Harold Innis’s fur trade research in the summer of 1924 launched a celebrated academic career

When Harold Innis set off to explore the history of the fur trade in Alberta’s Peace River basin, he was limping from a shrapnel wound that had ripped open his leg at Vimy Ridge. But by the time the junior assistant professor returned to U of T, he was able to throw away his cane.

A summer in the northern hinterland did more than restore Innis’s health. It prompted the political economist to give Canadians a new vision of their country. Then, our jagged landscape was seen as an obstacle to overcome. Innis countered that Canada developed because of its geography, not in spite of it.

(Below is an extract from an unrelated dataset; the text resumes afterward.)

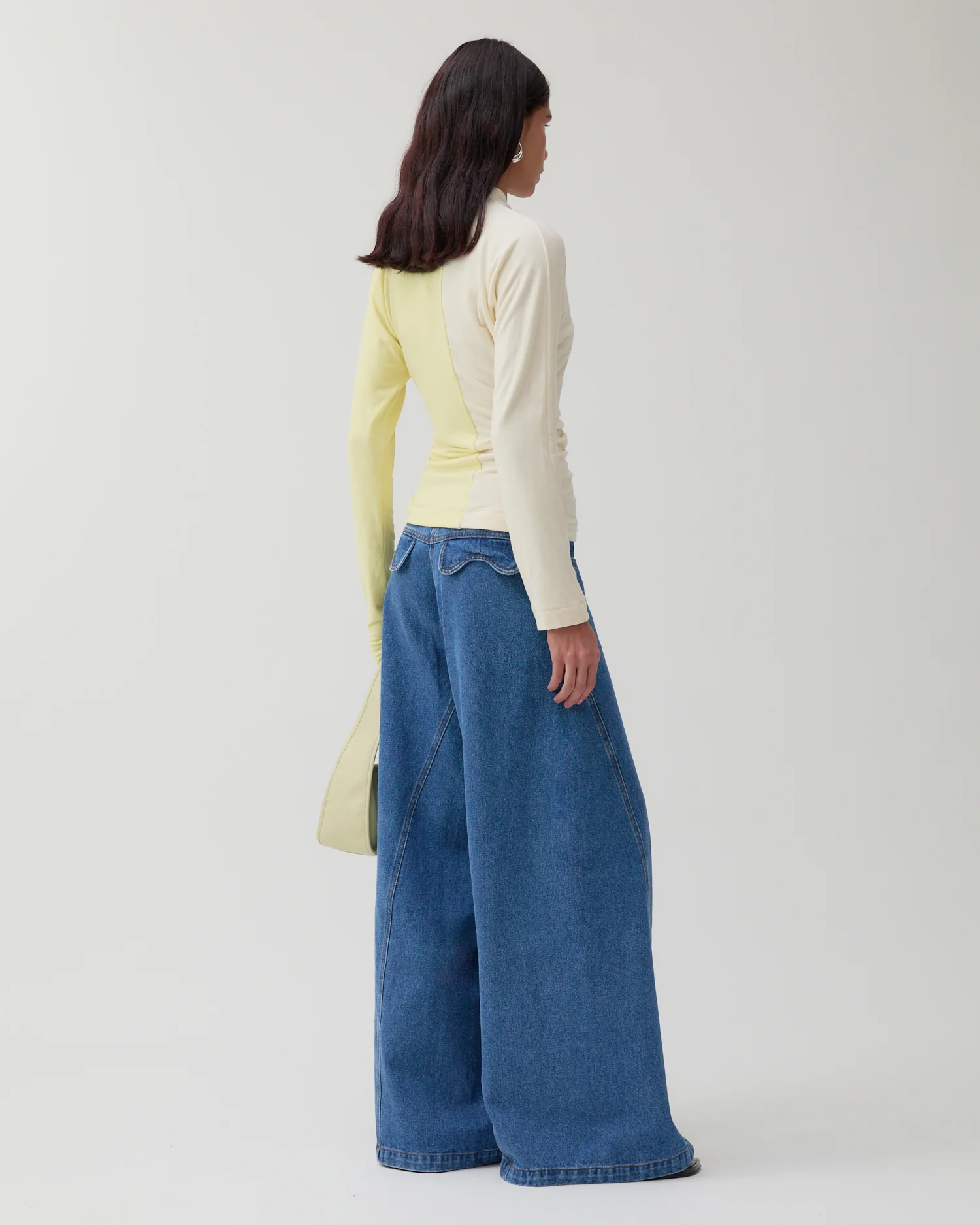 Analyn Top Tencel Blend Jersey Yellow - Image 3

In his “staples thesis,” he argued that Canada’s exports of fur, timber, fish, fossil fuels and other commodities shaped its cultural and political development. Innis was the first to point out that Canada’s economic reliance on producing raw materials made it vulnerable to the whims of Britain, the U.S. and other manufacturing nations.

In his long career, Innis also wrote seminal books on communication, inspiring Marshall McLuhan to the point that McLuhan became his intellectual disciple.

This year, Innis College, U of T’s only college to be named after a scholar, is celebrating its 50th anniversary by honouring its namesake. One event planned for November will feature communication theorists who, as Innis did, have a vision to share. Janet Paterson, the college’s principal, points out that many of Innis’s programs continue to further the scholar’s legacy. “The college reflects some of Harold Innis’s far-reaching ideas on communication with its vibrant programs in film, writing and rhetoric, and urban studies.”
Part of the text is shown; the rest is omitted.